[Records contained in a dataset]
- Opening Delimiter -

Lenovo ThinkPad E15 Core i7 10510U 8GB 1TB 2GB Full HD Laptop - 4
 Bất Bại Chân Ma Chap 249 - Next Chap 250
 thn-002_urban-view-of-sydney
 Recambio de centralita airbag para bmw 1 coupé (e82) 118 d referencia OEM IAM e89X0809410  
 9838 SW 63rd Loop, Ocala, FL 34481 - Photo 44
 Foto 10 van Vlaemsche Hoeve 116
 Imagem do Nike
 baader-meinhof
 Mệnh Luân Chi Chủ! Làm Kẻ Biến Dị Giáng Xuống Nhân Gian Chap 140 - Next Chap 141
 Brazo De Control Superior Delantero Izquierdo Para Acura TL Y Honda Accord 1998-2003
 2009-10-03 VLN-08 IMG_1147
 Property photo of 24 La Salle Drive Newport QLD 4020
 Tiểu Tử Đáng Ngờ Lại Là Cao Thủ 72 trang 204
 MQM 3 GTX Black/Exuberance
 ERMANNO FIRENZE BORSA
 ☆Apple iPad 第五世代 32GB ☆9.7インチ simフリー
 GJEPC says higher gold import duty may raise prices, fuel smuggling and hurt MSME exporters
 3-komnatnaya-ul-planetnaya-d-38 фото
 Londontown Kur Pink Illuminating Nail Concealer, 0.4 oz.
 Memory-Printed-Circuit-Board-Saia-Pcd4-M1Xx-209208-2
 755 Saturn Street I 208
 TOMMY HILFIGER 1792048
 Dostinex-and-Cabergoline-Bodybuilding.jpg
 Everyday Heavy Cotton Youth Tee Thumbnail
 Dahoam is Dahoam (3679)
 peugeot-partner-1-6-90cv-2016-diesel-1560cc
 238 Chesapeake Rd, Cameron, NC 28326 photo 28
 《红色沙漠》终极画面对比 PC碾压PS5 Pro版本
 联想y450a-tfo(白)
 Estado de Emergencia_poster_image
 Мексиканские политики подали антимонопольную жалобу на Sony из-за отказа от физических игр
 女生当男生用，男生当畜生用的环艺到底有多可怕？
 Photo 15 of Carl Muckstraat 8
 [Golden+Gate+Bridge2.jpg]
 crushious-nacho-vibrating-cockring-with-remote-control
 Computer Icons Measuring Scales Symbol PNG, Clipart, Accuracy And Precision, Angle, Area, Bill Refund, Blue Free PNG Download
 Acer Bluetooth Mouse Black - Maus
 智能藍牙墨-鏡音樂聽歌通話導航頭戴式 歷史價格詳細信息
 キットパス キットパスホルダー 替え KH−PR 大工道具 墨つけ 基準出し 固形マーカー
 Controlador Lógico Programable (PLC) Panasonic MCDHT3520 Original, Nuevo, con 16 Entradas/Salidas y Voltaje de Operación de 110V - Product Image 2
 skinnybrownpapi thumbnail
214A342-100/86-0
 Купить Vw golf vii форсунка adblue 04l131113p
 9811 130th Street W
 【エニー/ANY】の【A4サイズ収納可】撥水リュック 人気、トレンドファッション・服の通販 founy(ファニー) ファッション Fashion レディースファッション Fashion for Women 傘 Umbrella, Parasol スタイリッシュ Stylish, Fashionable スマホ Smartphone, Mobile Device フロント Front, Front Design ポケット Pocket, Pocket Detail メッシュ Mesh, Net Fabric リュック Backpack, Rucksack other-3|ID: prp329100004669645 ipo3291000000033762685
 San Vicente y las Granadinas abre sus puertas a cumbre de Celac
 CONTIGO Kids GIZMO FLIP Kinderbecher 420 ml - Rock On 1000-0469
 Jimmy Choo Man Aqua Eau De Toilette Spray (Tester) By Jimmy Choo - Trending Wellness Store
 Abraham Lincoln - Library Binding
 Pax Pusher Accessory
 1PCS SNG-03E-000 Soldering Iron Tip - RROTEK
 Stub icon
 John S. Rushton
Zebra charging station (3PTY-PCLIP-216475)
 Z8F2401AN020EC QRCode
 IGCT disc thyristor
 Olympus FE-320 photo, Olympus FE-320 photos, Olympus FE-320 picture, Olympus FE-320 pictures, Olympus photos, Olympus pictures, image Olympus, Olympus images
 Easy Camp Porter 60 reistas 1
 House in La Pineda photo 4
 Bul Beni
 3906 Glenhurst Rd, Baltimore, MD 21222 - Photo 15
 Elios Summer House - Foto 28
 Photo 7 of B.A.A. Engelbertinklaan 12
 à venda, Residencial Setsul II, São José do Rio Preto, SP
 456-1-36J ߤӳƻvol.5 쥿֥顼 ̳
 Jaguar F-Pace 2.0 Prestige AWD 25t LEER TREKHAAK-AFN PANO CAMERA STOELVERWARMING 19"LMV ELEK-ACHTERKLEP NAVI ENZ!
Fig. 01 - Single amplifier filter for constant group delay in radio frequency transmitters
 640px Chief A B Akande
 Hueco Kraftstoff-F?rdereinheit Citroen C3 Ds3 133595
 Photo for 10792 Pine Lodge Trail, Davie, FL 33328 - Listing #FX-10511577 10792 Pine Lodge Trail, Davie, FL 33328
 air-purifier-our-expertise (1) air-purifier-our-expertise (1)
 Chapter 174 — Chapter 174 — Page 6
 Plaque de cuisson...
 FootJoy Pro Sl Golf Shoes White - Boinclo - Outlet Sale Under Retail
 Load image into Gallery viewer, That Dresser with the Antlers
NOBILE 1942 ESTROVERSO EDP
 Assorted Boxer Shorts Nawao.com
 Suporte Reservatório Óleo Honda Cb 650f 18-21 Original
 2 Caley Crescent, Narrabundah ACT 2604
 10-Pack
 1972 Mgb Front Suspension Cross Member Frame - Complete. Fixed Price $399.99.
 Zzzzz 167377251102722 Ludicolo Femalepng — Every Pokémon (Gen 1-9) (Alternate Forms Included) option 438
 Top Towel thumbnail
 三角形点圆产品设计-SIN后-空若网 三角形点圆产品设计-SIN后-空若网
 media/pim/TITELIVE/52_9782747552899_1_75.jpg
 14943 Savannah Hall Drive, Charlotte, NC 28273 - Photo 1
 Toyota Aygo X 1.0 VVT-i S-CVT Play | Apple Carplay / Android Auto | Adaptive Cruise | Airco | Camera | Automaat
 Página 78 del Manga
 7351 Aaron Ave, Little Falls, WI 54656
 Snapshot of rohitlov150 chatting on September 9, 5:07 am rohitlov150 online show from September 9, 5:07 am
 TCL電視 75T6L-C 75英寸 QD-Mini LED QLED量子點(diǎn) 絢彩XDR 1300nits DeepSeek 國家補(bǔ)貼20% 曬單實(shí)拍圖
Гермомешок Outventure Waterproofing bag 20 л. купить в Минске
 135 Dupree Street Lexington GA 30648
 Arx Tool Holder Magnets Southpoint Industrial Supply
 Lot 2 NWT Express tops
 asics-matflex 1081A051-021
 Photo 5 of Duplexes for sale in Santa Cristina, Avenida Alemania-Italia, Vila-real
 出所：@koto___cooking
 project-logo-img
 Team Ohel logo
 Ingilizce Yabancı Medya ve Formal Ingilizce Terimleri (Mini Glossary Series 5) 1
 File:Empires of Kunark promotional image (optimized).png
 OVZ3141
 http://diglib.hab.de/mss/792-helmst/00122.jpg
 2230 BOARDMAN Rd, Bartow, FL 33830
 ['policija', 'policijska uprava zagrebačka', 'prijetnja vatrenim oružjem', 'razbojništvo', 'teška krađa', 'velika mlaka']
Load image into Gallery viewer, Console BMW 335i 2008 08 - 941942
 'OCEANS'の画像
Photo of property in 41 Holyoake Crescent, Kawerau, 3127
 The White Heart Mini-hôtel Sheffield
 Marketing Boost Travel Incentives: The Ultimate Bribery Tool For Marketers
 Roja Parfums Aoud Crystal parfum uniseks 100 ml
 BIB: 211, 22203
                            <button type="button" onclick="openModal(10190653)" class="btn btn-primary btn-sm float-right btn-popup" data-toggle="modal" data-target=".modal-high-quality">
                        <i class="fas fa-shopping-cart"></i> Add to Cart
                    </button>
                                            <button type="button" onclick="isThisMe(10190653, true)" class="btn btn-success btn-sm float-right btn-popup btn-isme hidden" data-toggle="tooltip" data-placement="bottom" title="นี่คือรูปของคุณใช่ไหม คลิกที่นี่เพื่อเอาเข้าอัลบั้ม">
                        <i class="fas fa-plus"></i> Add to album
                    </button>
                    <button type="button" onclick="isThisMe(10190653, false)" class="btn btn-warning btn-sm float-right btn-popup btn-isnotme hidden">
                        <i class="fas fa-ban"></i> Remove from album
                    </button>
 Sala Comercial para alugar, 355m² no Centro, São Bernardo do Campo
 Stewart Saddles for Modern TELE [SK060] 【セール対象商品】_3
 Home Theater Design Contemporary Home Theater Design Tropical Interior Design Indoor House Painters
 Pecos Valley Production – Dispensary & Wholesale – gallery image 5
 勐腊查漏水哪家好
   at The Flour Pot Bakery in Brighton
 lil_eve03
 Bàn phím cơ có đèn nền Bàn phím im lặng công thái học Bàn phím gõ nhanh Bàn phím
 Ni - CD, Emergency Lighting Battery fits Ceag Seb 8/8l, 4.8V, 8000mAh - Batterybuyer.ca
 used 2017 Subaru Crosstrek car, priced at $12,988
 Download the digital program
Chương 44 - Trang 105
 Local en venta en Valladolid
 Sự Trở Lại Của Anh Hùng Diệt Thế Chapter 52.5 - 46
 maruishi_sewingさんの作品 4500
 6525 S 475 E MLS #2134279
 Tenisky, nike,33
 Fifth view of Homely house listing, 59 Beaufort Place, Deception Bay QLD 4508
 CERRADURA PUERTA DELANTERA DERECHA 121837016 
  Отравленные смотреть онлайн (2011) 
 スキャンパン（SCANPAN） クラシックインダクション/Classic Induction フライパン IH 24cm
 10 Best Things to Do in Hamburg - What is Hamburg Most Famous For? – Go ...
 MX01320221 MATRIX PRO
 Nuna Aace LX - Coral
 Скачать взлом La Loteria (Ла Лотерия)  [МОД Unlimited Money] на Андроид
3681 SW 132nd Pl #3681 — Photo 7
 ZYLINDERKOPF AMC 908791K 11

- Closing Delimiter -

**WHAT YOU NEED TO DO**
Keeping every character as it is, restate the lines above that run from the line with "Foto 10 van Vlaemsche Hoeve 116" through the line with "214A342-100/86-0", both included, and nothing else.

**OUTPUT FOR THIS EXERCISE**
 Foto 10 van Vlaemsche Hoeve 116
 Imagem do Nike
 baader-meinhof
 Mệnh Luân Chi Chủ! Làm Kẻ Biến Dị Giáng Xuống Nhân Gian Chap 140 - Next Chap 141
 Brazo De Control Superior Delantero Izquierdo Para Acura TL Y Honda Accord 1998-2003
 2009-10-03 VLN-08 IMG_1147
 Property photo of 24 La Salle Drive Newport QLD 4020
 Tiểu Tử Đáng Ngờ Lại Là Cao Thủ 72 trang 204
 MQM 3 GTX Black/Exuberance
 ERMANNO FIRENZE BORSA
 ☆Apple iPad 第五世代 32GB ☆9.7インチ simフリー
 GJEPC says higher gold import duty may raise prices, fuel smuggling and hurt MSME exporters
 3-komnatnaya-ul-planetnaya-d-38 фото
 Londontown Kur Pink Illuminating Nail Concealer, 0.4 oz.
 Memory-Printed-Circuit-Board-Saia-Pcd4-M1Xx-209208-2
 755 Saturn Street I 208
 TOMMY HILFIGER 1792048
 Dostinex-and-Cabergoline-Bodybuilding.jpg
 Everyday Heavy Cotton Youth Tee Thumbnail
 Dahoam is Dahoam (3679)
 peugeot-partner-1-6-90cv-2016-diesel-1560cc
 238 Chesapeake Rd, Cameron, NC 28326 photo 28
 《红色沙漠》终极画面对比 PC碾压PS5 Pro版本
 联想y450a-tfo(白)
 Estado de Emergencia_poster_image
 Мексиканские политики подали антимонопольную жалобу на Sony из-за отказа от физических игр
 女生当男生用，男生当畜生用的环艺到底有多可怕？
 Photo 15 of Carl Muckstraat 8
 [Golden+Gate+Bridge2.jpg]
 crushious-nacho-vibrating-cockring-with-remote-control
 Computer Icons Measuring Scales Symbol PNG, Clipart, Accuracy And Precision, Angle, Area, Bill Refund, Blue Free PNG Download
 Acer Bluetooth Mouse Black - Maus
 智能藍牙墨-鏡音樂聽歌通話導航頭戴式 歷史價格詳細信息
 キットパス キットパスホルダー 替え KH−PR 大工道具 墨つけ 基準出し 固形マーカー
 Controlador Lógico Programable (PLC) Panasonic MCDHT3520 Original, Nuevo, con 16 Entradas/Salidas y Voltaje de Operación de 110V - Product Image 2
 skinnybrownpapi thumbnail
214A342-100/86-0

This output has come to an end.